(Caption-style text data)
⟨

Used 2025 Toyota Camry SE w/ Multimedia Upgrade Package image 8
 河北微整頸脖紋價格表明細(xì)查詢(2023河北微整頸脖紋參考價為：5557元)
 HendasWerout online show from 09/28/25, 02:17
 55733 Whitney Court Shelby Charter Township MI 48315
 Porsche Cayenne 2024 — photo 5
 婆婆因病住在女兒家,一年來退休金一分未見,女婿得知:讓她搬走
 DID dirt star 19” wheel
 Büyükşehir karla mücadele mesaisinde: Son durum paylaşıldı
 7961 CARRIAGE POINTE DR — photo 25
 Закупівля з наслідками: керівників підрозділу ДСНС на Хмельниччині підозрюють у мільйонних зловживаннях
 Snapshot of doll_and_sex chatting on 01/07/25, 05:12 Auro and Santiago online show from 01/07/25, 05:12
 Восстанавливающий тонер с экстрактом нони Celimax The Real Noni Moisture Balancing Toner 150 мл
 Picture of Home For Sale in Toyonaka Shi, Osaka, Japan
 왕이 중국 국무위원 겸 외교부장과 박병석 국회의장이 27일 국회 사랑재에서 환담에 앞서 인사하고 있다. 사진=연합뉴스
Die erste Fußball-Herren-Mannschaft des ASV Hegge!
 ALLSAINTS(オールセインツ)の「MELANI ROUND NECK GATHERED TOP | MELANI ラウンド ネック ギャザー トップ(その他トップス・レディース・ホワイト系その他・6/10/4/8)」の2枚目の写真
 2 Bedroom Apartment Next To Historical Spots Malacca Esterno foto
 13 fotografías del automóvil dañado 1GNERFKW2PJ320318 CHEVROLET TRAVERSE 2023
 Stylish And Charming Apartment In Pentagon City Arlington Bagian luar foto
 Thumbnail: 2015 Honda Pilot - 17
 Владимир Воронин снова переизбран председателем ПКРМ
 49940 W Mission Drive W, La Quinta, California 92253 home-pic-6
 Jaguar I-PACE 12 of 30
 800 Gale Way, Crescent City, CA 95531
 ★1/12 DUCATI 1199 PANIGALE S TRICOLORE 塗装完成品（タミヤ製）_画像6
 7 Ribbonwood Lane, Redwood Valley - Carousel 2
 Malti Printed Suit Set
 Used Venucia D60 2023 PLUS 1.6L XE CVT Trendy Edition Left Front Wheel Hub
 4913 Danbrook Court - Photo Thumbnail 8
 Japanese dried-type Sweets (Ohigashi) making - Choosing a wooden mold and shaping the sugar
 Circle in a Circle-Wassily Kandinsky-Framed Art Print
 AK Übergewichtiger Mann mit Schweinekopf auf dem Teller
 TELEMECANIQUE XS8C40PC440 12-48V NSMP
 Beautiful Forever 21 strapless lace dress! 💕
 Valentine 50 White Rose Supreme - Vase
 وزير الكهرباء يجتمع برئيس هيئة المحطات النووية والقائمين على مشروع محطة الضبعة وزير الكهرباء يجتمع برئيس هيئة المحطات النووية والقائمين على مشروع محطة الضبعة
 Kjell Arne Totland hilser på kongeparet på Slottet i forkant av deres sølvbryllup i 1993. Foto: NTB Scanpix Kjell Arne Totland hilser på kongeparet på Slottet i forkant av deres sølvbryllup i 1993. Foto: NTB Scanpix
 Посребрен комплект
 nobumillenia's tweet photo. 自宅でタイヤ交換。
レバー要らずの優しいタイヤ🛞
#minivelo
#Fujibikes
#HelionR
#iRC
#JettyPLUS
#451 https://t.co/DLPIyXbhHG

⟩

◆ **GOAL OF THE EXERCISE**
Given the records above, reproduce precisely and only the lines between the line holding "Закупівля з наслідками: керівників" and the line holding "13 fotografías del", inclusive.

◆ **TASK RESULT**
 Закупівля з наслідками: керівників підрозділу ДСНС на Хмельниччині підозрюють у мільйонних зловживаннях
 Snapshot of doll_and_sex chatting on 01/07/25, 05:12 Auro and Santiago online show from 01/07/25, 05:12
 Восстанавливающий тонер с экстрактом нони Celimax The Real Noni Moisture Balancing Toner 150 мл
 Picture of Home For Sale in Toyonaka Shi, Osaka, Japan
 왕이 중국 국무위원 겸 외교부장과 박병석 국회의장이 27일 국회 사랑재에서 환담에 앞서 인사하고 있다. 사진=연합뉴스
Die erste Fußball-Herren-Mannschaft des ASV Hegge!
 ALLSAINTS(オールセインツ)の「MELANI ROUND NECK GATHERED TOP | MELANI ラウンド ネック ギャザー トップ(その他トップス・レディース・ホワイト系その他・6/10/4/8)」の2枚目の写真
 2 Bedroom Apartment Next To Historical Spots Malacca Esterno foto
 13 fotografías del automóvil dañado 1GNERFKW2PJ320318 CHEVROLET TRAVERSE 2023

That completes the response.